Exploring NYC - Analysis of Crime Data in New York City

Using NYPD Complaint Data to analyze crime events in different boroughs.

Jeff, Lu Chia-Ching
Nov 7 · 9 min read
Photo by Mark Asthoff on Unsplash

Introduction

When I moved to New York City, I kept hearing different people saying the same thing: I should watch out for the city in terms of personal safety. Even though, historically, NYC has become a much safer place than before (The troll tourist guide about New York in the 1970s: ‘Welcome to Fear City’ — the inside story of New York’s civil war, 40 years on), New York City leaves a full-of-fun but somewhat-terrifying image to the locals and people all around the world.
E.g. Here is the total crime by year from 1985 to 2014, showing the decrease in NYC crime rate since the 80s:

data from UCR Statistics

Despite hearing all of these talks, I don’t think I ever heard anyone (even native New Yorkers), bring up any kind of data sources or statistics to prove their overall idea of borough safety. Being an analytics student, I had an itch to dive into this topic and actually figure out what the true reality of this situation is.

What is the distribution of Crime in each borough?

Since this is a broad topic that could be analyzed in various aspects, I decided to focus on my most pressing question: Do the different boroughs have significant differences in terms of crime level and crime type?

People in NYC always say that some boroughs are safer than others. However, there’s a disproportionate amount of people who live in Manhattan and Brooklyn with fewer living in Staten Island and Queens, so it is difficult to assume that any of these boroughs are safer in terms of different populations. Having this in mind, I decided to dive into this question using various analytical techniques.

New York City has five boroughs: Manhattan, Bronx, Brooklyn, Queens & Staten Island. Photo by nycmap360.com

Dataset Used

For this project, I used the NYPD Complaint Data from NYCOpenData. It contains all the NYC history crime data reported by NYPD through 2019, and I extracted the 2018 data from it to avoid any missing data in 2019. This exploratory analysis is conducted with Python and Tableau.

Data Pre-processing

First Look of the Data

  • number of observations: 452,997

Re-categorize Crime Description to Crime Type

After taking a good look at this data and removing NaN data, I realized that this dataset is not ideal for analysis, even though it contains all kinds of variables such as crime happening time and even the suspect’s data for each event. The main reason is that crime type data is really confusing.

E.g. At one event, OFNS_DESC column could be “HARRASSMENT 2” but PD_DESC column could be “HARASSMENT,SUBD 1,CIVILIAN”, which makes it really hard to be analyzed)

The U.S. Department of Justice administers two statistical programs: Uniform Crime Reporting (UCR) Program & National Crime Victimization Survey (NCVS). However, NYPD seems to have its own approach in recording the crime event, so I can’t interpret the data with an established method. Additionally, there are multiple columns that explain the same crime event with some confusing description.

Therefore, I decided to re-categorize the type of crime event based on these two systems and my understanding.

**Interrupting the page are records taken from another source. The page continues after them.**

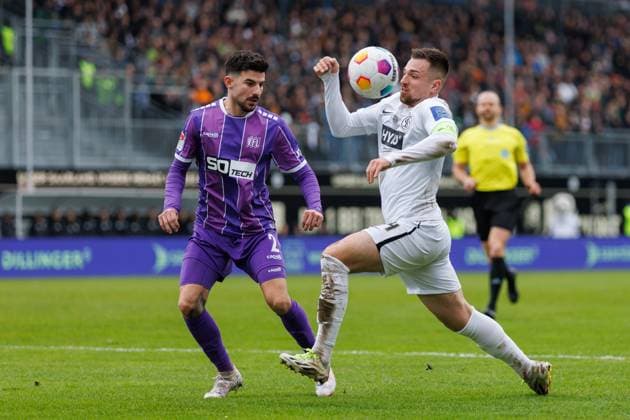 Luca Schnellbacher (SV 07 Elversberg) im Zweikampf mit Athanasios Androutsos (VFL Osnabrueck), SV Elversberg vs VFL Osnabrueck, Fussball, 2. Bundesliga, 20. Spieltag, Saison 2023 2024, 18.02.2024 SV Elversberg vs VFL Osnabrueck, Fussball, 2. Bundesliga, 20. Spieltag, Saison 2023 2024, 18.02.2024 Elversberg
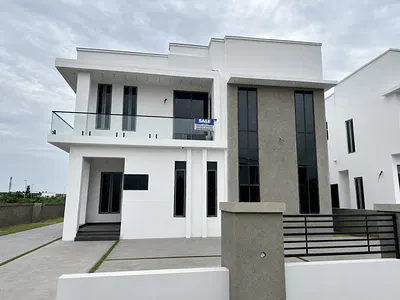 Spacious 4-Bedroom Duplex with Pool & Inverter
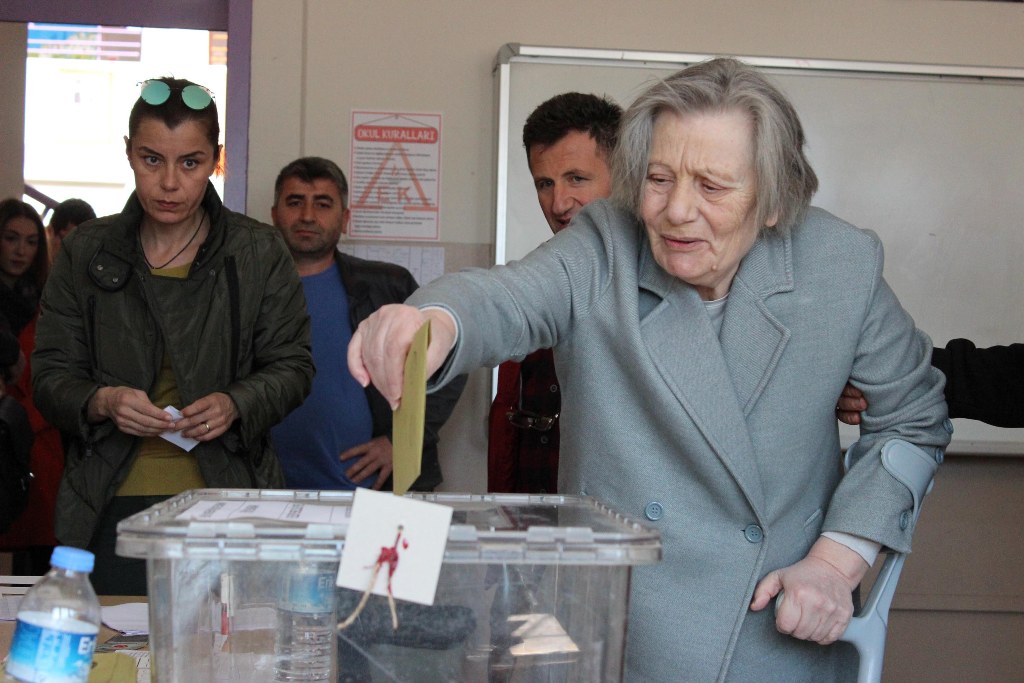 İzmirliler sandık başında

After this, I managed to limit the number of unique types of crime to 21 (original dataset had at least 59 types) and make them more understandable.

new_dic = {a: b for old_cat, str_name in zip(new_type_cat, new_type_name) for a, b in zip(old_cat, [str_name]*len(old_cat))}
df['new_category'] = df['OFNS_DESC'].map(new_dic)
df['new_category'].nunique() # 21
# The amount of unique category has been narrowed down to 21
# The detailed methodology and approach could be found at my GitHub

Exploratory Analysis

Total Number of Crime: Not really what I expected

According to this visualization, Brooklyn has the overall highest number of crime events, and Bronx, often considered a little messier area, has a lower crime number than Manhattan. This was a surprising finding for me.

With the data of the projected population in each borough (sourced from the Department of City Planning), I found out that though Brooklyn has the most events, Manhattan and Bronx both have a higher percentage of crime events per resident. (Bronx has the highest number of 6,887 per 100k residents). Another interesting thing is that Queens has the lowest average number of crime events (3,849 per 100k residents), even lower than the Staten Island (4,269 per 100k residents)

But this isn’t the end. I would still like to do some more exploratory visualizations to get more insight from the data.

1. Level of Crime: Understanding the Distribution

Changing back to the total count of events, I used the same visualization to go into more detail within the level of crime in each borough (There are three levels of crime in New York State: Violation, Misdemeanor and Felony). From the graph below, I can tell that Misdemeanor, an offense of which a sentence in excess of 15 days but not greater than one year may be imposed, is the most popular level of crime in each borough, and it consists a similar percentage in each group (about 52% to 57%; Manhattan has the highest percentage of 57.2%). The second popular one is Felony, a serious offense for which a sentence would be more than one year, and the third one is Violation, a lesser offense for which a sentence only be no more than 15 days.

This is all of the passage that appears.